This hook is only available in internal environments where the ml_tracker library is accessible. Use add_to_ml_tracker() to add data that should be logged to the tracking system.

__init__(project: str, name: str, config: Dict, id=None) None[source]

TraceToOdpsHook

recis.hooks.trace_to_odps_hook.add_to_trace(name: str, tensor: Tensor | ndarray | list = None)[source]

Adds data to the trace map for ODPS logging.

This function adds training data to the global trace map that will be uploaded to ODPS tables. Supports tensors, numpy arrays, and lists.

Parameters:
  • name (str) – Name/key for the data being traced.

  • tensor (Union[torch.Tensor, np.ndarray, list]) – Data to be traced. Must be one of the supported types.

Raises:

ValueError – If the tensor type is not supported.

Example

>>> import torch
>>> import numpy as np
>>> # Add tensor data
>>> embeddings = torch.randn(100, 64)
>>> add_to_trace("user_embeddings", embeddings)
>>> # Add numpy array
>>> features = np.random.rand(100, 32)
>>> add_to_trace("item_features", features)
>>> # Add list data
>>> user_ids = [1, 2, 3, 4, 5]
>>> add_to_trace("user_ids", user_ids)

Note

Tensor data is automatically converted to numpy arrays for compatibility with ODPS. A warning is logged if data with the same name already exists.

class recis.hooks.trace_to_odps_hook.TraceToOdpsHook(config: Dict, fields: List[str], types: List[str], worker_num: int = 1, size_threshold: int = 52428800)[source]

Hook for tracing training data to ODPS tables.

The TraceToOdpsHook provides high-performance data collection and upload capabilities for training traces. It uses multiprocessing to avoid blocking the main training process and supports configurable batching and buffering.

Parameters:
  • config (Dict) – ODPS configuration dictionary containing connection details. Required keys: access_id, access_key, project, end_point, table_name. Optional keys: partition.

  • fields (List[str]) – List of field names for the ODPS table schema.

  • types (List[str]) – List of field types corresponding to the fields.

  • worker_num (int) – Number of worker processes for parallel uploads. Defaults to 1.

  • size_threshold (int) – Buffer size threshold in bytes for triggering flushes.
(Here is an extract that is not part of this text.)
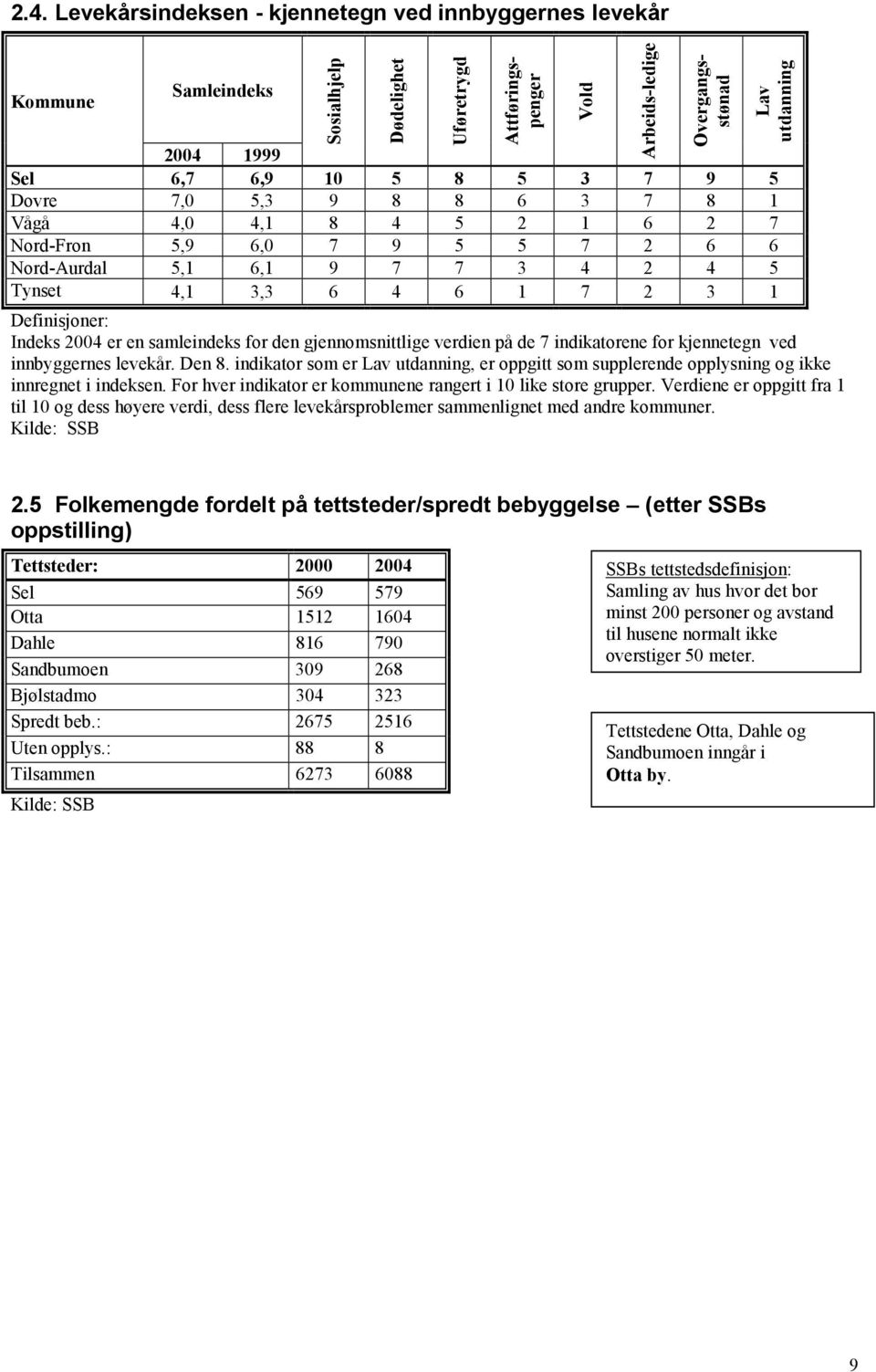 Indeks 2004 er en samleindeks for den gjennomsnittlige verdien på de 7 indikatorene for kjennetegn ved innbyggernes levekår. Den 8.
Defaults to 50 MiB.

queue

Multiprocessing queue for data transfer.

Type:

Queue

writer_num

Number of writer processes.

Type:

int

writers

List of writer process instances.

Type:

List[TraceWriter]

Example

>>> from recis.hooks import TraceToOdpsHook, add_to_trace
>>> # Configure ODPS connection
>>> config = {
...     "access_id": "your_access_id",
...     "access_key": "your_access_key",
...     "project": "your_project",
...     "end_point": "your_endpoint",
...     "table_name": "training_traces",
...     "partition": "dt=20231201",
... }
>>> # Define table schema
>>> fields = ["user_id", "item_id", "embedding", "score"]
>>> types = ["bigint", "bigint", "string", "double"]
>>> # Create hook
>>> odps_hook = TraceToOdpsHook(
...     config=config, fields=fields, types=types, worker_num=2
... )
>>> trainer.add_hook(odps_hook)
>>> # During training, add data to be traced
>>> add_to_trace("user_embeddings", user_embeddings)
>>> add_to_trace("item_scores", item_scores)
>>> # The hook will automatically upload data after each step

Note

This hook is only available in internal environments where ODPS access is configured. Use add_to_trace() to add data that should be uploaded to ODPS tables.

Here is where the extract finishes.